What to do: Among the entries below, one line contains "CESAR aux Vendredis du Rock" and another contains "Joe Burrow Foundation". Transcribe those two lines and every line between them, exactly.

Data for this exercise:
+--

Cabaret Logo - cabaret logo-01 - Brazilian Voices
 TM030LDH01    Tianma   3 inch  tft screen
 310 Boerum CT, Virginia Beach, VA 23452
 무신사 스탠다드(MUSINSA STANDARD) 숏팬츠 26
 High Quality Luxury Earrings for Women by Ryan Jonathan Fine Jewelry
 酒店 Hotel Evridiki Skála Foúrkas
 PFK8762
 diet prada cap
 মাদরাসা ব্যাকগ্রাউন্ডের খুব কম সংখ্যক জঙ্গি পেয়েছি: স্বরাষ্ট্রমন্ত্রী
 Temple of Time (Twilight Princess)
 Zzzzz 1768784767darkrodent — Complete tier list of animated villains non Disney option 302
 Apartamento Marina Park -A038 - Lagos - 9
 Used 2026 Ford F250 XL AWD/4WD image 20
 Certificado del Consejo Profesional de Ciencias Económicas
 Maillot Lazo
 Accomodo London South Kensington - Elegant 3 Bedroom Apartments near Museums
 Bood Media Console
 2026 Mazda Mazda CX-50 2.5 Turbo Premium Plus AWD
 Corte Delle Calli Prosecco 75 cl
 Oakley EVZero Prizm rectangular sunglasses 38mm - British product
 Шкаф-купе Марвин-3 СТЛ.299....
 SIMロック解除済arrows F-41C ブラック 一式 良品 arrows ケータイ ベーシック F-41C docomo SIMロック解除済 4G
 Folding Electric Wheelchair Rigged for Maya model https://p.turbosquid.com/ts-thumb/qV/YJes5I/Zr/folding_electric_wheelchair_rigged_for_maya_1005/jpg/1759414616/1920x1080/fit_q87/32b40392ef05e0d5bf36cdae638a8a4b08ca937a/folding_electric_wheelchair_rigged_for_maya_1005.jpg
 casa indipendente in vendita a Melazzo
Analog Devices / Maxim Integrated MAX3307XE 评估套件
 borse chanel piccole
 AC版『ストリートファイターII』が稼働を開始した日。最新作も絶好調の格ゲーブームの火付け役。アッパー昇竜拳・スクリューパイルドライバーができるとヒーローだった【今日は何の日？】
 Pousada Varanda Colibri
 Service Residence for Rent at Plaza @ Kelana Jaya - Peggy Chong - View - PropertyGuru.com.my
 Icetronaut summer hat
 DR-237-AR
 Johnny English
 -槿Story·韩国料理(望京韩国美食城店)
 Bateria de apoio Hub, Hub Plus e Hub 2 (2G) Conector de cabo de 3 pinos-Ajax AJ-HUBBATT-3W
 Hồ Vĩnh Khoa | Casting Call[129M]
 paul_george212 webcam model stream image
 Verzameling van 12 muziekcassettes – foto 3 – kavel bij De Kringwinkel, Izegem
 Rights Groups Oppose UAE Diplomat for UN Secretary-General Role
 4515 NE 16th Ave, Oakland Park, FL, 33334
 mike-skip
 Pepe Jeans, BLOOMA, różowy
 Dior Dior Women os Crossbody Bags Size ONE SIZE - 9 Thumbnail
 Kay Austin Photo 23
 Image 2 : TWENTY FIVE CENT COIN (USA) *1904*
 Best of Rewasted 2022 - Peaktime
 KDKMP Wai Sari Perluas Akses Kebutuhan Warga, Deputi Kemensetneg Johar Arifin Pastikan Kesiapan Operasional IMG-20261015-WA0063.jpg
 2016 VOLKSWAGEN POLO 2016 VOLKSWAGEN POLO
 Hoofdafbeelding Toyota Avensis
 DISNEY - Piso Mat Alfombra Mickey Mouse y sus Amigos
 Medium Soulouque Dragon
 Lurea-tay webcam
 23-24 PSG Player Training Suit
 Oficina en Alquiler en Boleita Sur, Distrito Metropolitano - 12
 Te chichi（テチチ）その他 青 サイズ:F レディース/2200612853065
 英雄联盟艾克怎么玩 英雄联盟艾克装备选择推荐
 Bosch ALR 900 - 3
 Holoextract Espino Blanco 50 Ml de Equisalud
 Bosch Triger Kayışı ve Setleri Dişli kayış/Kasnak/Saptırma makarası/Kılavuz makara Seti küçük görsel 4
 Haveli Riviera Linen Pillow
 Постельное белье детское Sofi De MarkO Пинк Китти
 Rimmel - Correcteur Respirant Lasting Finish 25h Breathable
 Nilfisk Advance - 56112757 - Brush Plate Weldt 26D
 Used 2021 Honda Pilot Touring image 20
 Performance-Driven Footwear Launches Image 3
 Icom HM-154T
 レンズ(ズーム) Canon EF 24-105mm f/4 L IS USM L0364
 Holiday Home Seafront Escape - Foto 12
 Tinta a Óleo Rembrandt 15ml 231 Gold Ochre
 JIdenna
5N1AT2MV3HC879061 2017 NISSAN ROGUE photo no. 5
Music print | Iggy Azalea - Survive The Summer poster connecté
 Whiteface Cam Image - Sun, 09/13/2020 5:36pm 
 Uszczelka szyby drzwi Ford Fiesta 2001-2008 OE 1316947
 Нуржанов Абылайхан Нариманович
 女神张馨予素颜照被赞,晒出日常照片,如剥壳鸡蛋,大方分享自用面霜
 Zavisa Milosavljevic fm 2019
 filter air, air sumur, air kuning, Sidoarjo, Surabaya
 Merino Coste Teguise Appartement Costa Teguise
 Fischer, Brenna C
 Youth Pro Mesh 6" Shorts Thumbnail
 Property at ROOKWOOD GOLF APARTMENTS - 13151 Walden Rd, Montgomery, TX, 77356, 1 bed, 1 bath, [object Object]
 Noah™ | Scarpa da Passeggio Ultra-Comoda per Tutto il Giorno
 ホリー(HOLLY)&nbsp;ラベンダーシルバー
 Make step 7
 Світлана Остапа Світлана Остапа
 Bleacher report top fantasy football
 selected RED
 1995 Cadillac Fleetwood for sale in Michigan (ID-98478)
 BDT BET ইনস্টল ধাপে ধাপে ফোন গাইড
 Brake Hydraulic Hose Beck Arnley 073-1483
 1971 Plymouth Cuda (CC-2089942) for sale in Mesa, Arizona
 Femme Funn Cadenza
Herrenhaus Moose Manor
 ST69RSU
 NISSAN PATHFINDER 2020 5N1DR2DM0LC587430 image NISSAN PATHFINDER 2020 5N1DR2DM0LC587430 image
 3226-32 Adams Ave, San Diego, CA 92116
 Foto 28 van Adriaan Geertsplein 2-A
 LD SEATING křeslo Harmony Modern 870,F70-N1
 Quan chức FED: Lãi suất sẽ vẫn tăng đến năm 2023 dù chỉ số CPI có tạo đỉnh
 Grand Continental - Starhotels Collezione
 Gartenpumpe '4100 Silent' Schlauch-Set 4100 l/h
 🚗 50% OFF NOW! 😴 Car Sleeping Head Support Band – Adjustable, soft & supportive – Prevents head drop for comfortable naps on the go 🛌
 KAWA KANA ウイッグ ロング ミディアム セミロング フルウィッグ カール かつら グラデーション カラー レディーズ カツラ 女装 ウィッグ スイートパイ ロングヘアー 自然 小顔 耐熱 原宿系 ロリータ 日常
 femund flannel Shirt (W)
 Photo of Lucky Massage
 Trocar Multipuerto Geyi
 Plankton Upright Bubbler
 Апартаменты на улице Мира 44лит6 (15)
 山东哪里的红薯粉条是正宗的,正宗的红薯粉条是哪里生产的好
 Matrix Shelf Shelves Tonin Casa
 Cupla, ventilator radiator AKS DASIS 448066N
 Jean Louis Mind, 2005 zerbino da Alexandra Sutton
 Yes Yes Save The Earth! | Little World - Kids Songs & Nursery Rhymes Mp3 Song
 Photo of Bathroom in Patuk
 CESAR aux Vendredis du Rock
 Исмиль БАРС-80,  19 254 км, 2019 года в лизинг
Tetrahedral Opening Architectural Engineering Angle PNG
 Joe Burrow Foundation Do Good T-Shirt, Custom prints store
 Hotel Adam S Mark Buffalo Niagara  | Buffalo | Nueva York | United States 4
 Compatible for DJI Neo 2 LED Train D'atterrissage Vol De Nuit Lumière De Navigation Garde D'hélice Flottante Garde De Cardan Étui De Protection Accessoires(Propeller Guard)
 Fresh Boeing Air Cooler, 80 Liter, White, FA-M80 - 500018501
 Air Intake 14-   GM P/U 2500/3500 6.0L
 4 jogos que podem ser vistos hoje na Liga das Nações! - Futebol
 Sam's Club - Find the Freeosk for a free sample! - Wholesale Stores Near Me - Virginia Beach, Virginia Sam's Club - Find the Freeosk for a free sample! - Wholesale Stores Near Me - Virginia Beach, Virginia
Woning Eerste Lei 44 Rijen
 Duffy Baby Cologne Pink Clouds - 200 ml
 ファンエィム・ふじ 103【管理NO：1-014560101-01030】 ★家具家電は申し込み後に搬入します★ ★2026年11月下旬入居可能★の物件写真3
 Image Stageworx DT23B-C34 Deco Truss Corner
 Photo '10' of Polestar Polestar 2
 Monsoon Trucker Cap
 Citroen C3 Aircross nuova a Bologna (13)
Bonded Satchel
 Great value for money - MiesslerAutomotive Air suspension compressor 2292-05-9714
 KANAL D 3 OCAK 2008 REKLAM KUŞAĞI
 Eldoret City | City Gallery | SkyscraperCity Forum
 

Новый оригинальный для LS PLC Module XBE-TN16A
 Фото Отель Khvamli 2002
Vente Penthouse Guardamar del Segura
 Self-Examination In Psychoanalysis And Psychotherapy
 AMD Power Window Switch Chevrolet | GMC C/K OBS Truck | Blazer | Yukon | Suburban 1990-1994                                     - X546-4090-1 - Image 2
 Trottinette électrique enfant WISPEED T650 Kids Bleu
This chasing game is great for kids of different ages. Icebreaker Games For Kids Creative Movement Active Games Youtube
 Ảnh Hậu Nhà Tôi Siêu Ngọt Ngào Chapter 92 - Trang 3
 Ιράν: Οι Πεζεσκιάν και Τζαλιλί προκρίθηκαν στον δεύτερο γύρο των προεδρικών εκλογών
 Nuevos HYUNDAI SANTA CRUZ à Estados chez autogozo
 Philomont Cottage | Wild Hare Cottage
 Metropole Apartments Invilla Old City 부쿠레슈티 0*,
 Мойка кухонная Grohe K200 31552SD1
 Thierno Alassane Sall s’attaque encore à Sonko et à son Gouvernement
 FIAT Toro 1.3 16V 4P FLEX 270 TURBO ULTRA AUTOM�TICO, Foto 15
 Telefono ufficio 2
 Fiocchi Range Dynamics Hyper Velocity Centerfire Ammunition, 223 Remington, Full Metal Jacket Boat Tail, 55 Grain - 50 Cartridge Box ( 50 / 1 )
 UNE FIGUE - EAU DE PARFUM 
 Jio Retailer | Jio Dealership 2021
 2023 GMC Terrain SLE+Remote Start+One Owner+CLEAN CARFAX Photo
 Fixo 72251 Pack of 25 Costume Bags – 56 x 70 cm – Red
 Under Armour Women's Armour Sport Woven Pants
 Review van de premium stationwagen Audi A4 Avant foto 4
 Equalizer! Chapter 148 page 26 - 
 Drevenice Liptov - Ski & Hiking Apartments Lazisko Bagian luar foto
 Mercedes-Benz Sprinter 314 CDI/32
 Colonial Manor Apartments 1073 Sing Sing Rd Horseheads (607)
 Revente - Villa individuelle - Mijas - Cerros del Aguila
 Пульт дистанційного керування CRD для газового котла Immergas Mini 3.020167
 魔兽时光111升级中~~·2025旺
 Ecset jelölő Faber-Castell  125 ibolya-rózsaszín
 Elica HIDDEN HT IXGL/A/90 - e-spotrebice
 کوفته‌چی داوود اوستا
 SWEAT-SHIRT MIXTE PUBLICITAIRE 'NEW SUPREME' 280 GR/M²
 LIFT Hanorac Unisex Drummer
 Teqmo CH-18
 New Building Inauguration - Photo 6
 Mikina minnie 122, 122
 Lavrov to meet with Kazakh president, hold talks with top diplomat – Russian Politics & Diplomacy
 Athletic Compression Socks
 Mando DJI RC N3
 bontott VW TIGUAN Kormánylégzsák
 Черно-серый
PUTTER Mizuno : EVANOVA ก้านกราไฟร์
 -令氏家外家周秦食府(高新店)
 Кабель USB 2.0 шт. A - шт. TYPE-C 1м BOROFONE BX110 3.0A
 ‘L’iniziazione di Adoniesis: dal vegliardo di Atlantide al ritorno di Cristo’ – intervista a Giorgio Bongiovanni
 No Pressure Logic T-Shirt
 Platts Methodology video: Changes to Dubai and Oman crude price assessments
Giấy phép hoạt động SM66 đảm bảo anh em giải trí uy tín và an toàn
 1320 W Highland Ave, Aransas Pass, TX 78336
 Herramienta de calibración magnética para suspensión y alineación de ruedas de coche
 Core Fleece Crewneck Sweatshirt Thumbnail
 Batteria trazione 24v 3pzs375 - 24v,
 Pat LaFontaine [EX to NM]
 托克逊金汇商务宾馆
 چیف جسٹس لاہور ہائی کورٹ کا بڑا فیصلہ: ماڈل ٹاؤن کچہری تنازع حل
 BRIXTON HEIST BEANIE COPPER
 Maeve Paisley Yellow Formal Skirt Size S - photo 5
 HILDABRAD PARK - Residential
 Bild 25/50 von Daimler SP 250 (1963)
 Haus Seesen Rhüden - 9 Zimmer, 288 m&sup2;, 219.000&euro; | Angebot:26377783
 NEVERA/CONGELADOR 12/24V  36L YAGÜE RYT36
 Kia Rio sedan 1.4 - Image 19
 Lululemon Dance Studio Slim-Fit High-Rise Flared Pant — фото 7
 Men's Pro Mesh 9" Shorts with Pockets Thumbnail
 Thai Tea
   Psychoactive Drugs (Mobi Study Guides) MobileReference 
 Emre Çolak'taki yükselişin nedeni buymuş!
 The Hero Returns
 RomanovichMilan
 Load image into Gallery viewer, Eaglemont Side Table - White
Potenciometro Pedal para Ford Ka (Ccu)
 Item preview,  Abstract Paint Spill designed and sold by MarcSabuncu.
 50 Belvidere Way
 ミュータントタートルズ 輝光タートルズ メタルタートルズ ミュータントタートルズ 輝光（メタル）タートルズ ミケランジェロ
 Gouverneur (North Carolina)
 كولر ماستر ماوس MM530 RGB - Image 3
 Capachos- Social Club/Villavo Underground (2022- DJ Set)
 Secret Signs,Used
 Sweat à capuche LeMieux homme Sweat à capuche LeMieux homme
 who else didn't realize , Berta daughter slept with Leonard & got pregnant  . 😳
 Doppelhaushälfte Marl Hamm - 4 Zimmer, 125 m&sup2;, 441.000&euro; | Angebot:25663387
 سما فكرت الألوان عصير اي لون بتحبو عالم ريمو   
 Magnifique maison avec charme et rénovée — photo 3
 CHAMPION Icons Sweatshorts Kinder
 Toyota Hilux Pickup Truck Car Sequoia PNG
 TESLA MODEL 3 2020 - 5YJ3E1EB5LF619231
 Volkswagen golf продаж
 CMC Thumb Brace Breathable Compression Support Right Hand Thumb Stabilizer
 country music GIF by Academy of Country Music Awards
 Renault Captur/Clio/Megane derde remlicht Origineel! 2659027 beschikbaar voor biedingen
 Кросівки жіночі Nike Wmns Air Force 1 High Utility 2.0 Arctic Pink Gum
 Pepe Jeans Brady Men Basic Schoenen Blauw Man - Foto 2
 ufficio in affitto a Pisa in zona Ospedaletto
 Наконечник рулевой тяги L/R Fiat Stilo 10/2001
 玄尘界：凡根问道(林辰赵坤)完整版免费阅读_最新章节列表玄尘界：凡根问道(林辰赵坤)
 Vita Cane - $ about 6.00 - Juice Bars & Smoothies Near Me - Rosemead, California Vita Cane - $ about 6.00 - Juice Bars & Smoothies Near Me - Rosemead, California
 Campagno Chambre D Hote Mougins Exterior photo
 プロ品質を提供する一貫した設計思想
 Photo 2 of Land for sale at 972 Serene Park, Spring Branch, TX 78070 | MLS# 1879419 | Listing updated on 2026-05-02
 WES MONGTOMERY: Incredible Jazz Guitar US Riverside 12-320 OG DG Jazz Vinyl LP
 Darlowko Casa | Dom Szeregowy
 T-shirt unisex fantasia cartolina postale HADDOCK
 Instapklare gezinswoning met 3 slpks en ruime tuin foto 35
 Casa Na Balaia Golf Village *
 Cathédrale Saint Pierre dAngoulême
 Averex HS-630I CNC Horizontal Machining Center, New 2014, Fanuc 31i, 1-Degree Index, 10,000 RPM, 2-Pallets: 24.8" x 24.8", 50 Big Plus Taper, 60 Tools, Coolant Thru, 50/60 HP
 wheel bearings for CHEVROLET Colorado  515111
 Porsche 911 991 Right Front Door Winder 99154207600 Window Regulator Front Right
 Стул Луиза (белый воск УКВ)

+--

Written solution:
 CESAR aux Vendredis du Rock
 Исмиль БАРС-80,  19 254 км, 2019 года в лизинг
Tetrahedral Opening Architectural Engineering Angle PNG
 Joe Burrow Foundation Do Good T-Shirt, Custom prints store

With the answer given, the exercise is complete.